### [What you will do]
Pictures do not belong in the output. Reproduce exactly the lines from the start of the records through the line with "SLP PERFORMANCE 31211".

### [Exercise inputs]
>>>

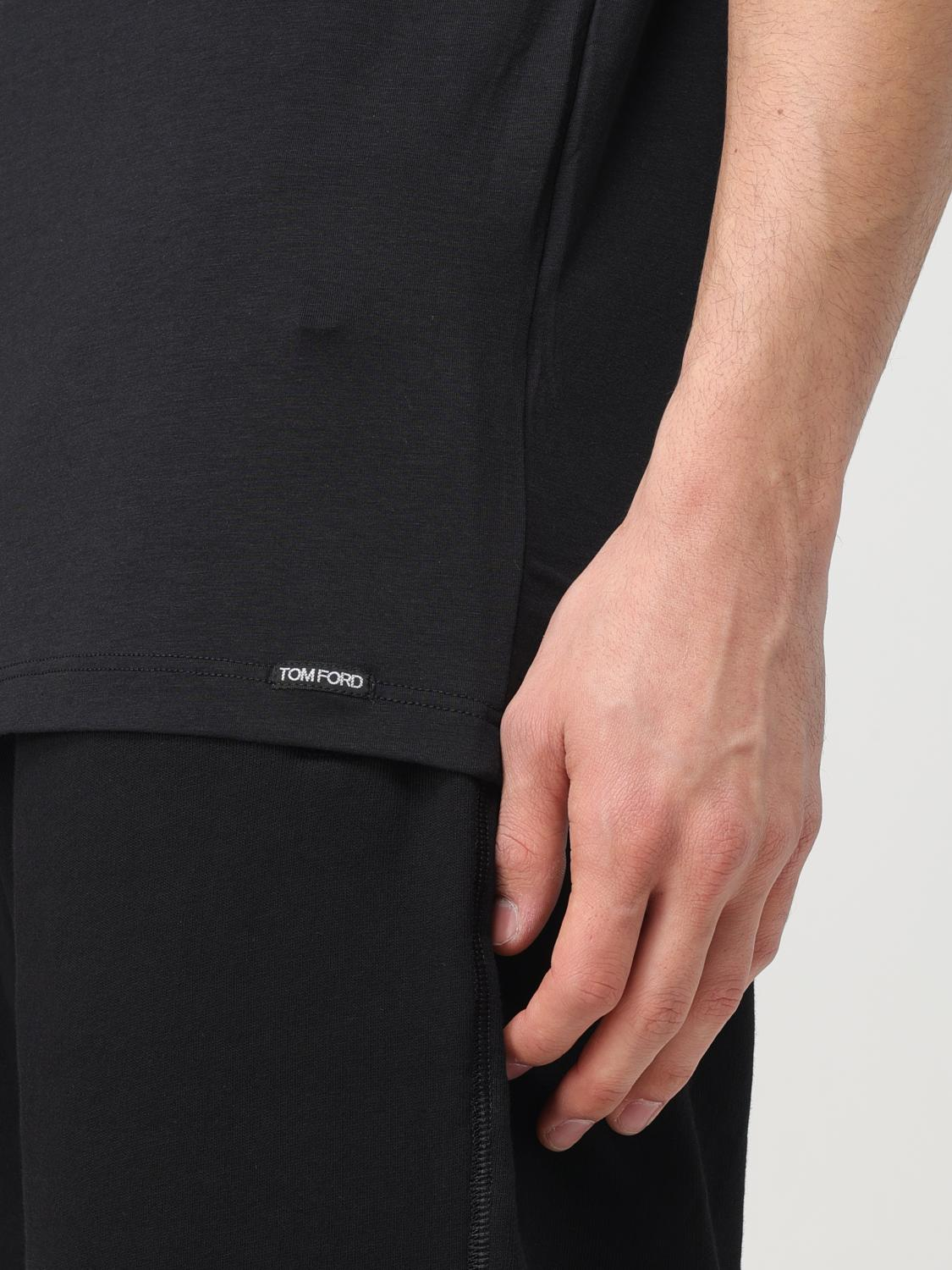 [Tom Ford] T-shirts Short Sleeve SS26 T4M081410 002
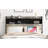 Classic Style Full Size Bed Frame In Antique Gray, Storage Feature, 2 Ports, Quiet Operation, Easy Assembly Tools, No Box Spring Needed Wooden Platform With Usbs And Large Storage, Gray Wood Tone,-243994933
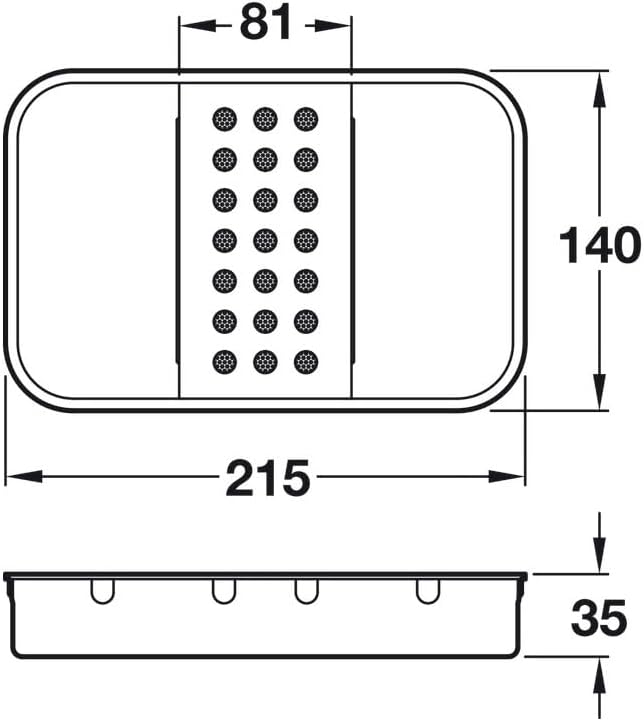 NINKA 5003.91 41514 4,2/5,5/8 Liter, Bio-Schale eins2top klein gegen unangenehme Gerüche, Abdeckung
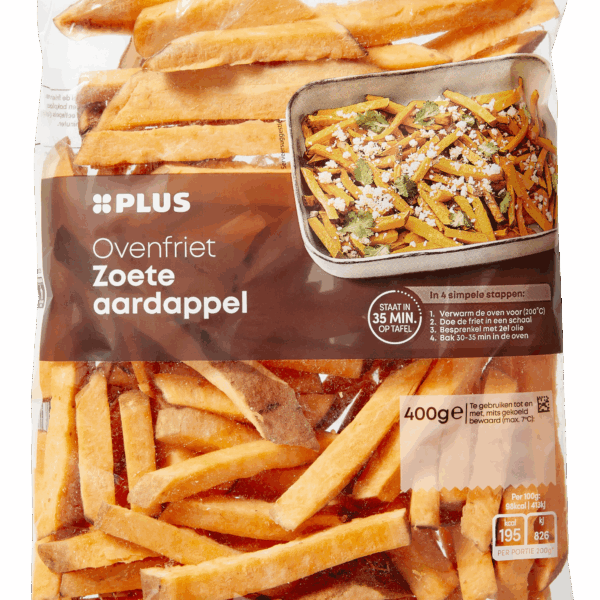 PLUS Zoete Aardappelfriet - PLUS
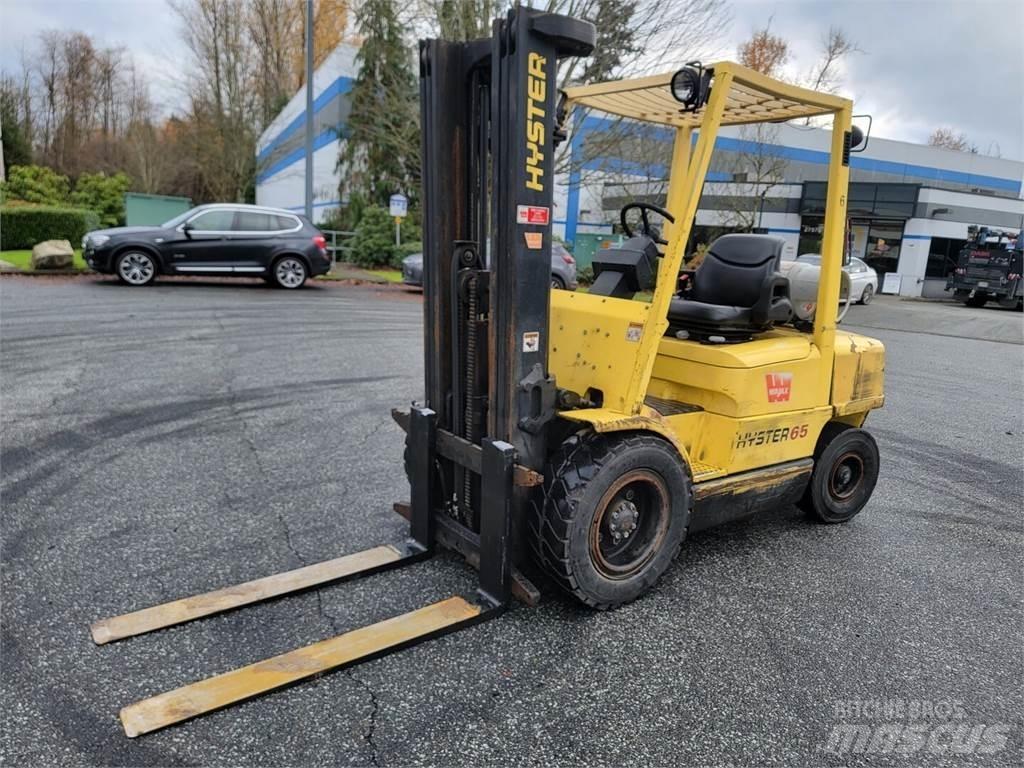 Hyster H65XM Utilaje construcții - Altele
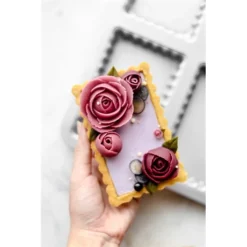 Patisse Plaque Acier 4 Moules Tartelettes à Fond Amovible -Cuisine Boutique 543001 2 2 Plaque acier 4 moules tartelettes a fond amovible Patisse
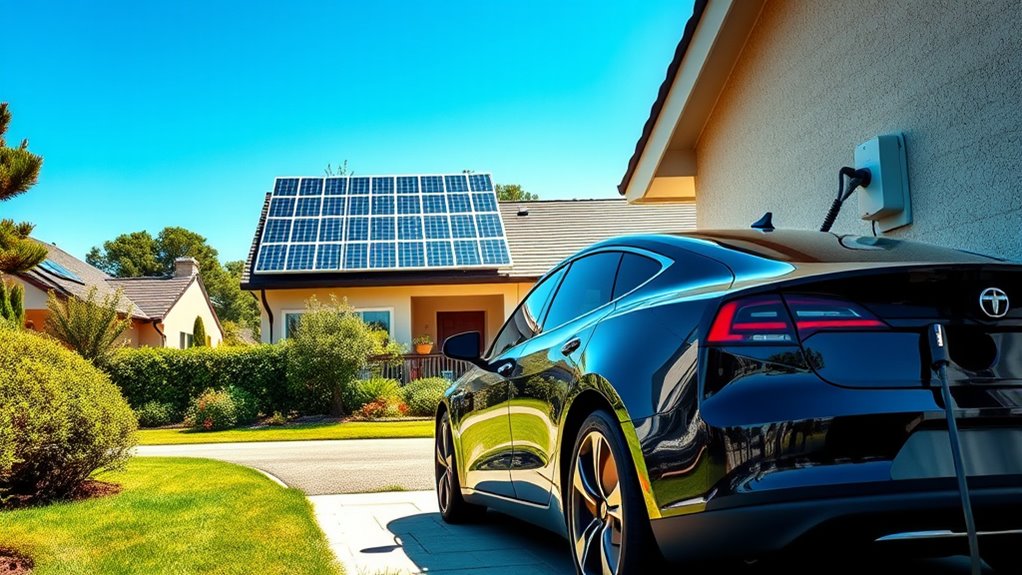 proper home solar ev sizing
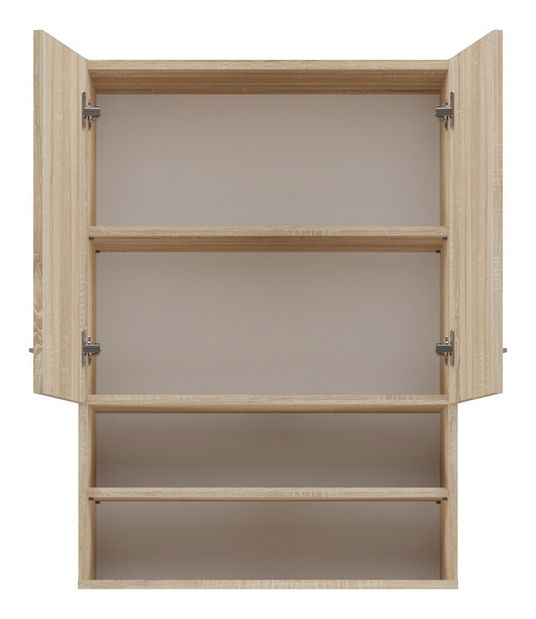 Dulap de baie suspendat Perdieron 1 (stejar sonoma)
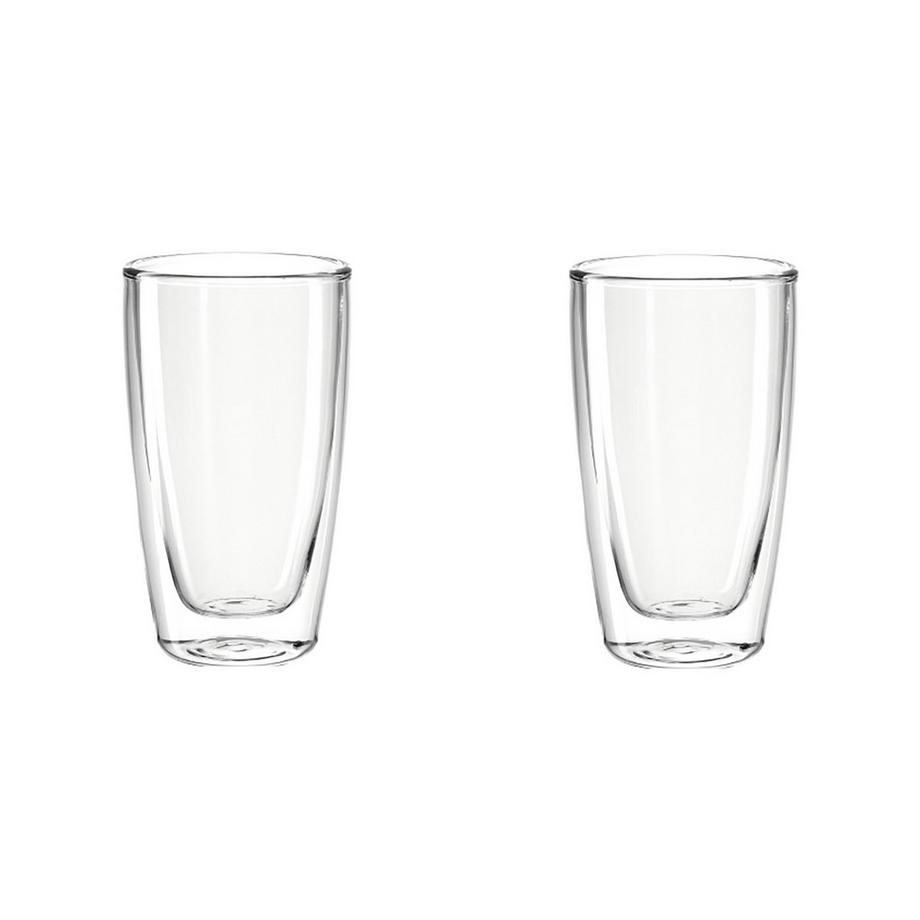 Set bicchiere con doppia parete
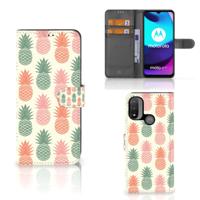 Motorola Moto E20 | E30 | E40 | Book Cover | Ananas
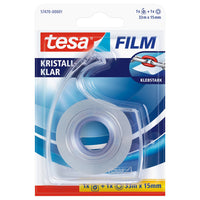 Tesafilm crystal-clear, transparent 33 m x 15 mm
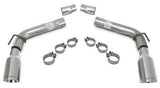 SLP PERFORMANCE 31211 Axle Back Exh Kit Loud Mouth 2010 Camaro V8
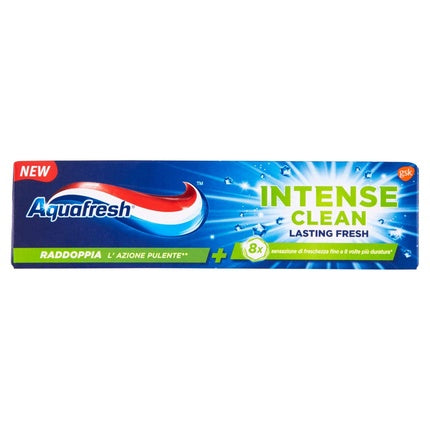 Pasta de dinti, Aquafresh, Intense Clean Lasting Fresh, 75ml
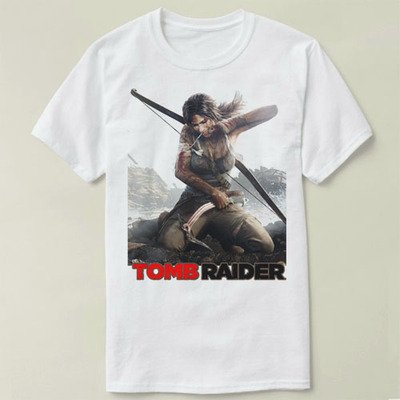 raiderShirtcroftTomblaraTee男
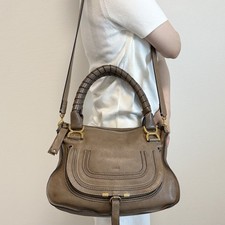 Chloé Chloe Marcie Shoulder Bag Handbag picture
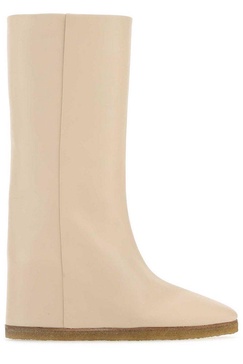 Chloé Moreen Slip-On Wedge Boots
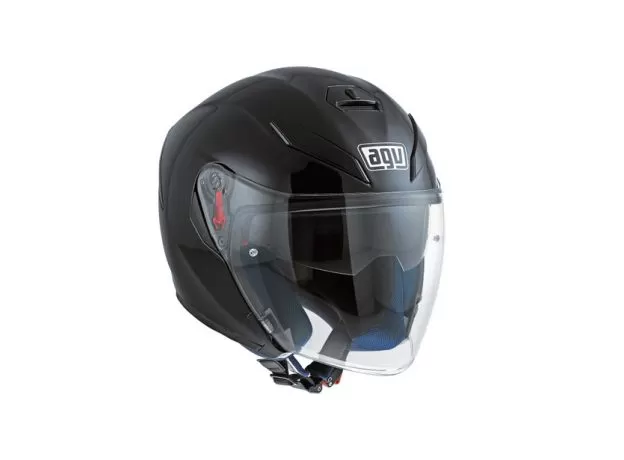 AGV Шлем K-5 JET, Размер: S, Цвет: SOLID - BLACK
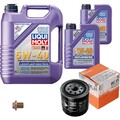 MAHLE Ölfilter 7 L LIQUI MOLY 5W-40 High Tech für Ford Scorpio II 2.9i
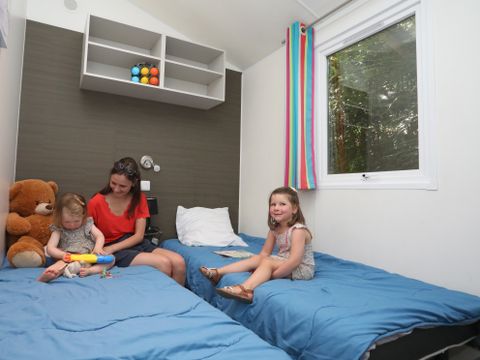 MOBILHOME 6 personnes - COTTAGE STANDING PLUS (Mercredi/Mercredi)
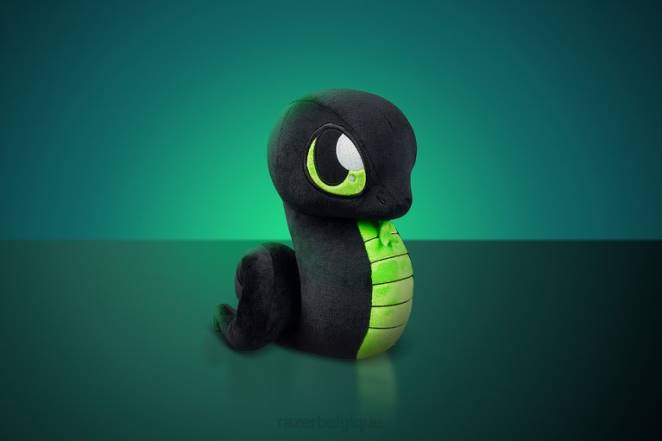 Razer engrenage une couleur peluche sneki snek F8BX201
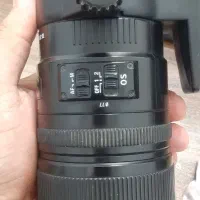 لنز ۷۰ ۲۰۰ سیگما مانت کانن|دوربین عکاسی و فیلمبرداری|قلعه چای, |دیوار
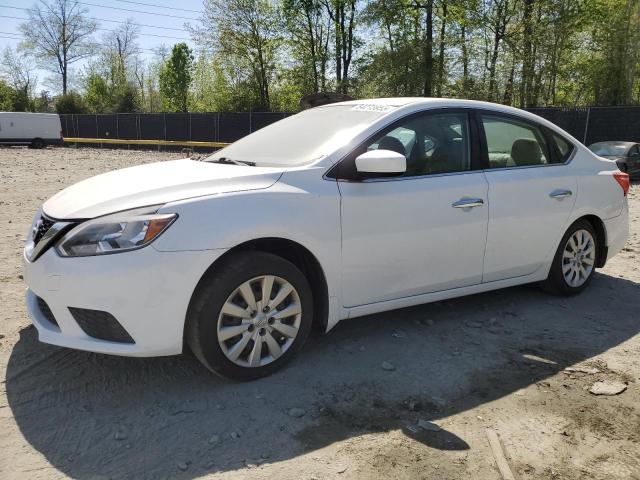  NISSAN SENTRA 2017 Белый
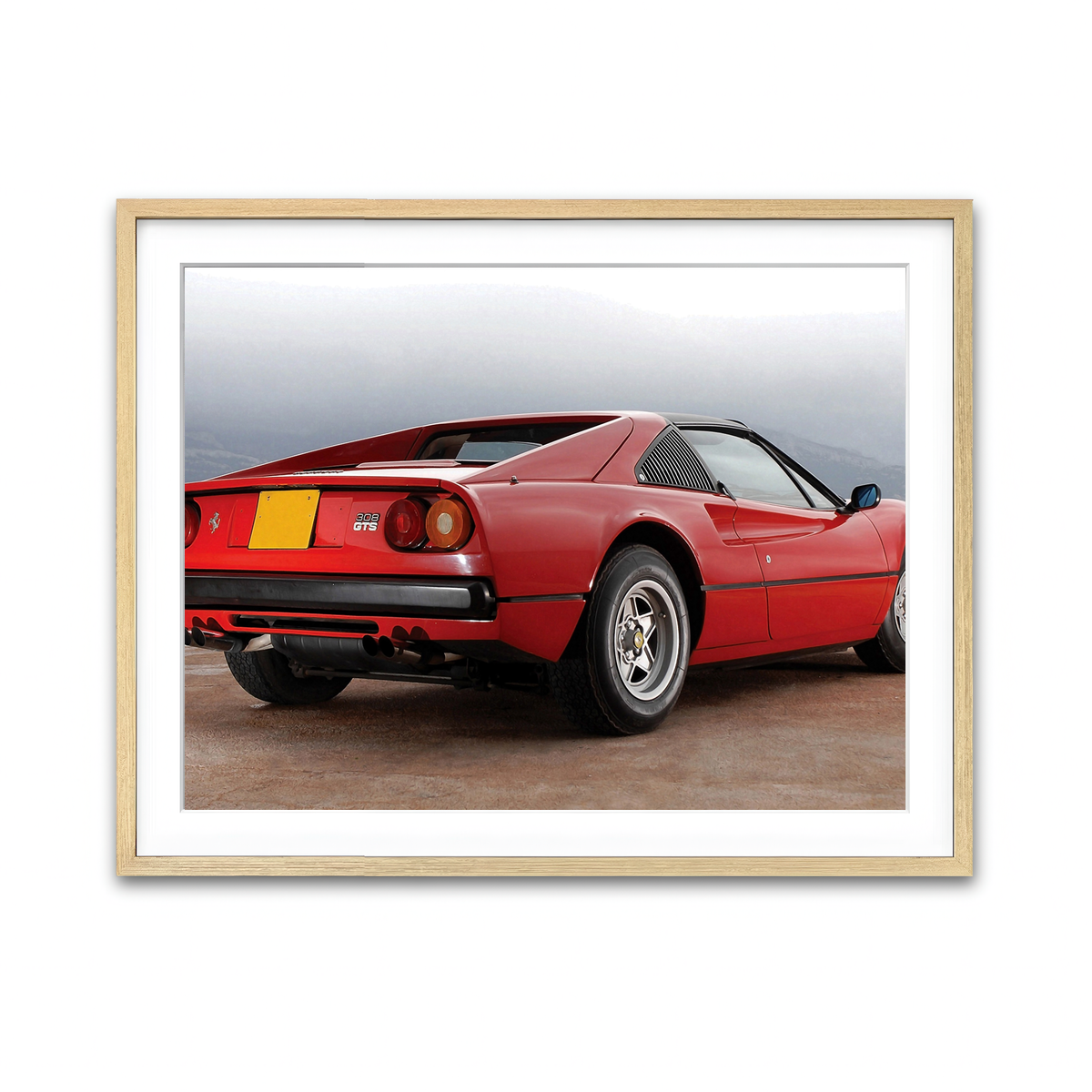 Framed Print 4x3 Natural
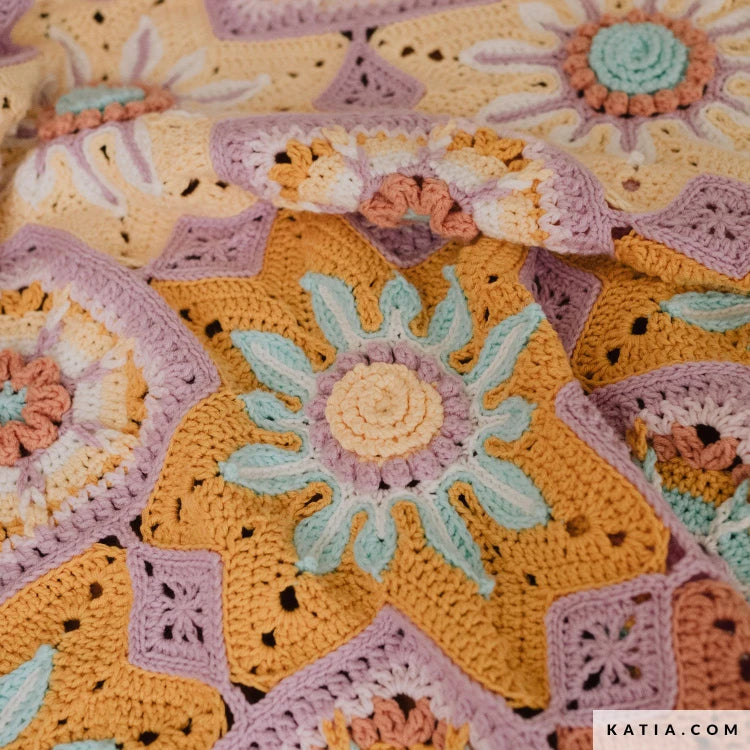 Katia CAL Stars in Bloom
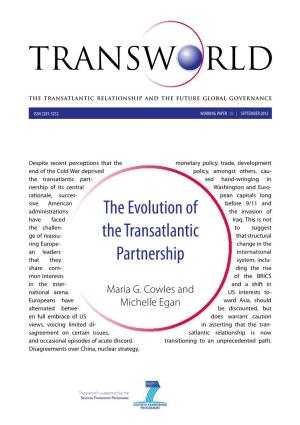 The Evolution of the Transatlantic Partnership Maria G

<<<

### [Answer to the problem]
 [Tom Ford] T-shirts Short Sleeve SS26 T4M081410 002
 Classic Style Full Size Bed Frame In Antique Gray, Storage Feature, 2 Ports, Quiet Operation, Easy Assembly Tools, No Box Spring Needed Wooden Platform With Usbs And Large Storage, Gray Wood Tone,-243994933
 NINKA 5003.91 41514 4,2/5,5/8 Liter, Bio-Schale eins2top klein gegen unangenehme Gerüche, Abdeckung
 PLUS Zoete Aardappelfriet - PLUS
 Hyster H65XM Utilaje construcții - Altele
 Patisse Plaque Acier 4 Moules Tartelettes à Fond Amovible -Cuisine Boutique 543001 2 2 Plaque acier 4 moules tartelettes a fond amovible Patisse
 proper home solar ev sizing
 Dulap de baie suspendat Perdieron 1 (stejar sonoma)
 Set bicchiere con doppia parete
 Motorola Moto E20 | E30 | E40 | Book Cover | Ananas
 Tesafilm crystal-clear, transparent 33 m x 15 mm
 SLP PERFORMANCE 31211 Axle Back Exh Kit Loud Mouth 2010 Camaro V8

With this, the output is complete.